I arrived at a secret location, where Barrymore was recording a guest show for a local radio station, under the impression that he had agreed to an interview. He denied ever agreeing to any such thing and seemed quite perturbed by my arrival, but allowed me to stay on the condition that I sat quietly and didn't ask him any questions. That didn't last long.

About a third of the way into the recording he began interrogating me on-air. "I'm interviewing a journalist!" he declared. His refusal to give me an interview became a running joke throughout the broadcast and his antics were perfect fodder for a first-person feature. The icing on the cake was that after our radio chatter he did give me a few exclusive nuggets for the newspaper after all.

The second piece I've been nominated for was a court story about a local man who had been caught in possession of more than 100,000 images of child sex abuse. Several hundred were considered to depict the most shocking and sadistic level of abuse. There were videos too.

Sadly, that is not a particularly uncommon story. What made this scenario unusual was that I arrived at the courthouse to discover that a magistrates court had slapped a bizarre reporting restriction on the case in a previous hearing. They had banned any publication of the man's address because he did not live alone and they said his family could suffer from vigilantism.

UK libel laws dictated that preventing the publication of the man's address amounted to a blanket ban on all reporting of the case. In a large town it is highly likely that somebody will have at least one namesake. There will be lots of John Smiths, for example.
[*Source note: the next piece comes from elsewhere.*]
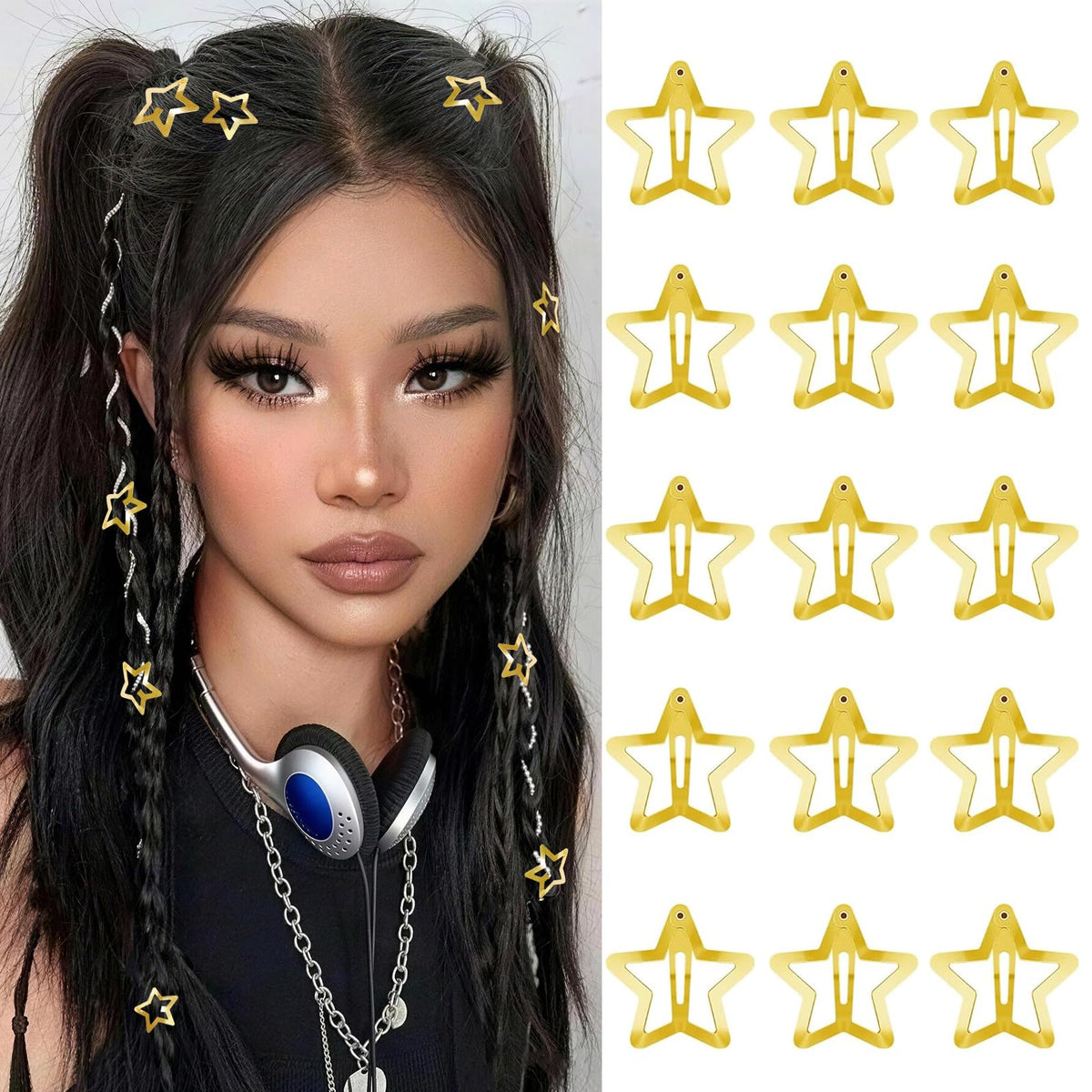 Star Hair Clips 2000s Y2K Snap Hair Barrettes Non Slip Star Hair Accessories Silver Metal Hair Clips for Girls Women -15 PCS 1.57"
If I put in the paper that John Smith has been convicted of possessing child porn - but don't include his address - every other John Smith in town can sue me and my newspaper for defamation by claiming the report caused their neighbours to think they were the convicted pervert.

In my view, the reporting restriction was a nonsense. Firstly, making court orders to prevent vigilantism is like putting signs up in car parks reminding people that it is illegal to steal cars. People don't need to be reminded that it is wrong. Everybody knows that it is wrong. It is already regulated by existing laws.

But more importantly, I was alarmed by the potential precedent of a ruling which said that because a child porn collector did not live on his own, he should not be held publicly accountable for his crimes. What of future cases? Could all paedophiles ensure their anonymity by simply moving in with somebody?

I raised the issue with the court clerk, who in turn agreed to pass my concerns to the judge. However, the clerk forgot and the hearing concluded. Just as the judge was about to rise, I stood and addressed him. He sat back down.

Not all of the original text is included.